Required action:
Pictures excluded, output the lines of the data below between the one holding "#Kickstarter campaign status" and the one holding "昌都无缝钢管5月10号价格", inclusive, exactly as they stand.

Dataset records:
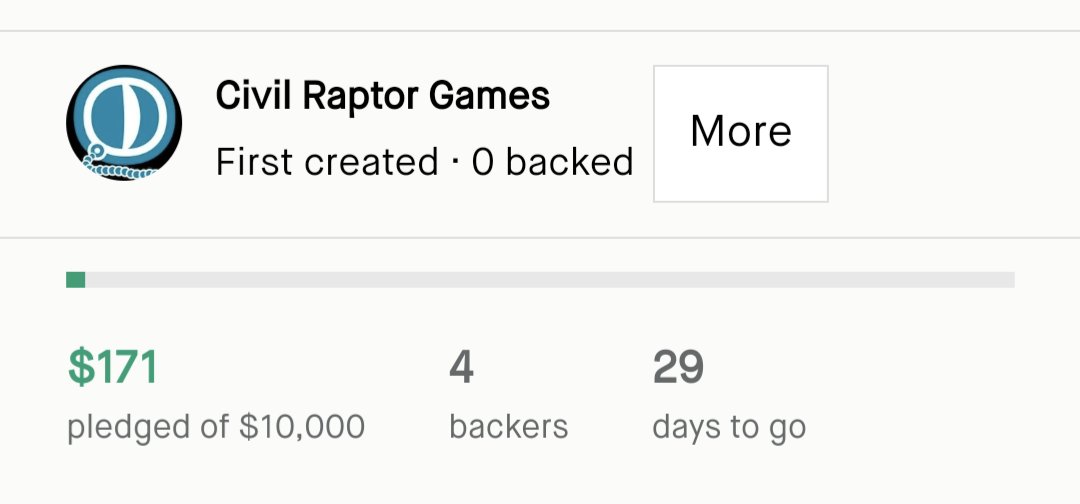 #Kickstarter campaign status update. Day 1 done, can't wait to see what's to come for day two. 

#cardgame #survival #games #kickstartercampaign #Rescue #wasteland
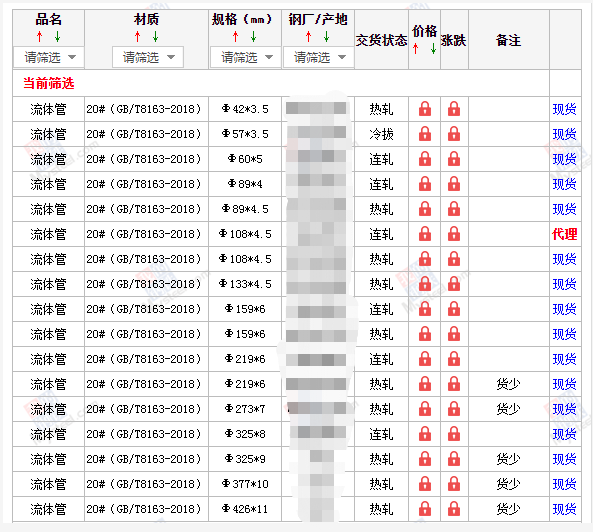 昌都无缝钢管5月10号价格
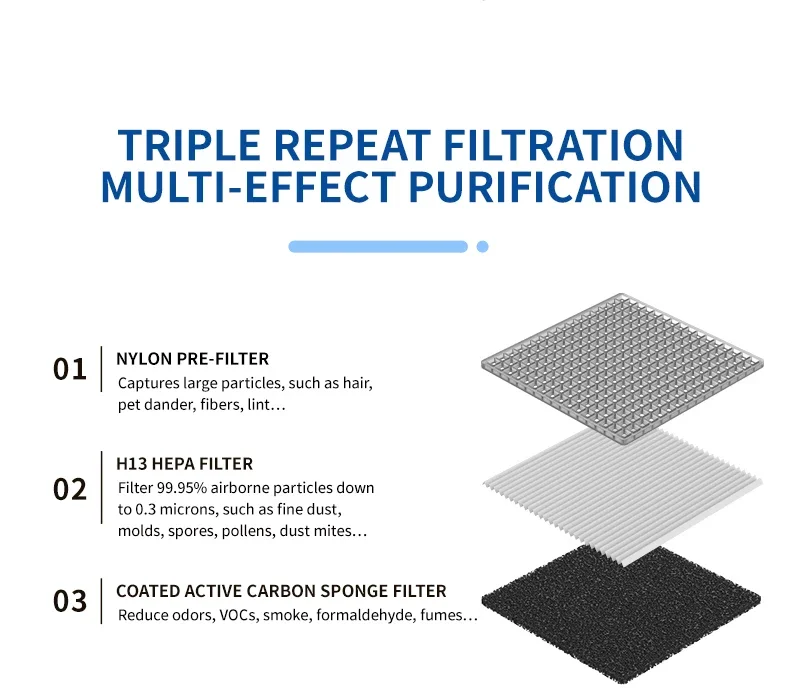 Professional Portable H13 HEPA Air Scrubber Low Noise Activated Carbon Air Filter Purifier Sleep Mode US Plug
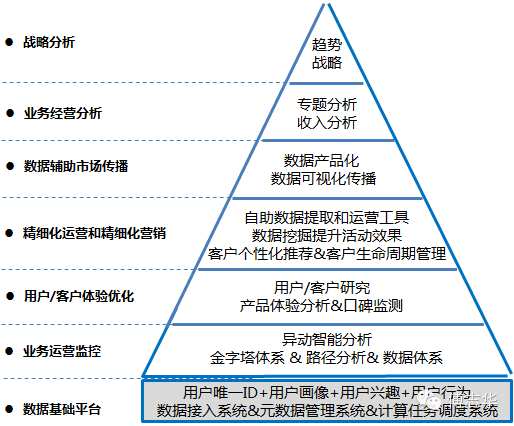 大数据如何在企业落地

---

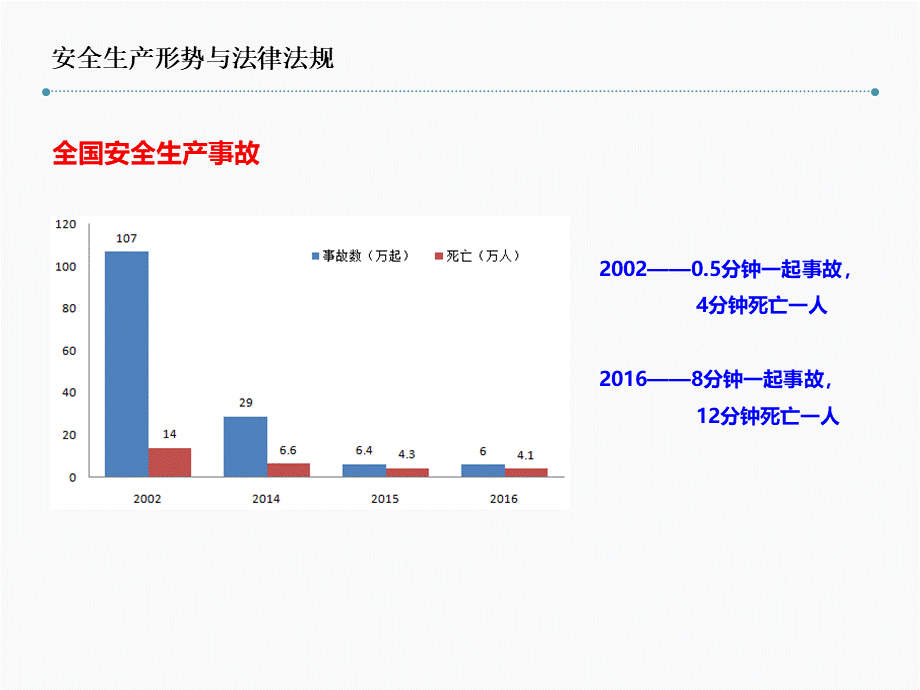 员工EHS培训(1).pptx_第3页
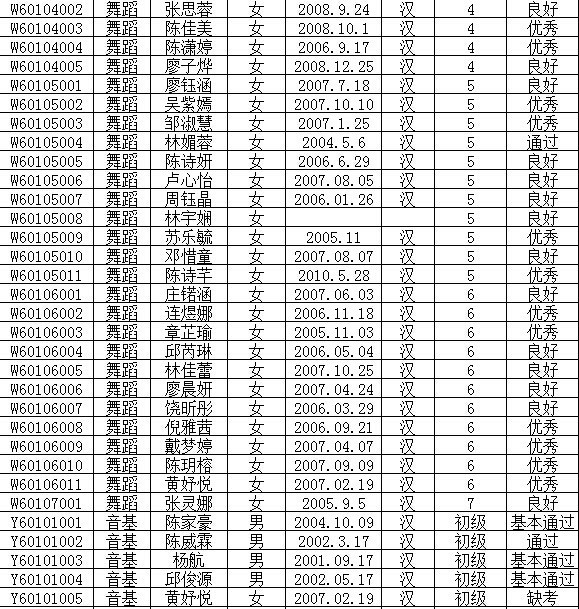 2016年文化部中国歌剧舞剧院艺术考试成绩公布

Reply to the task:
 #Kickstarter campaign status update. Day 1 done, can't wait to see what's to come for day two. 

#cardgame #survival #games #kickstartercampaign #Rescue #wasteland
 昌都无缝钢管5月10号价格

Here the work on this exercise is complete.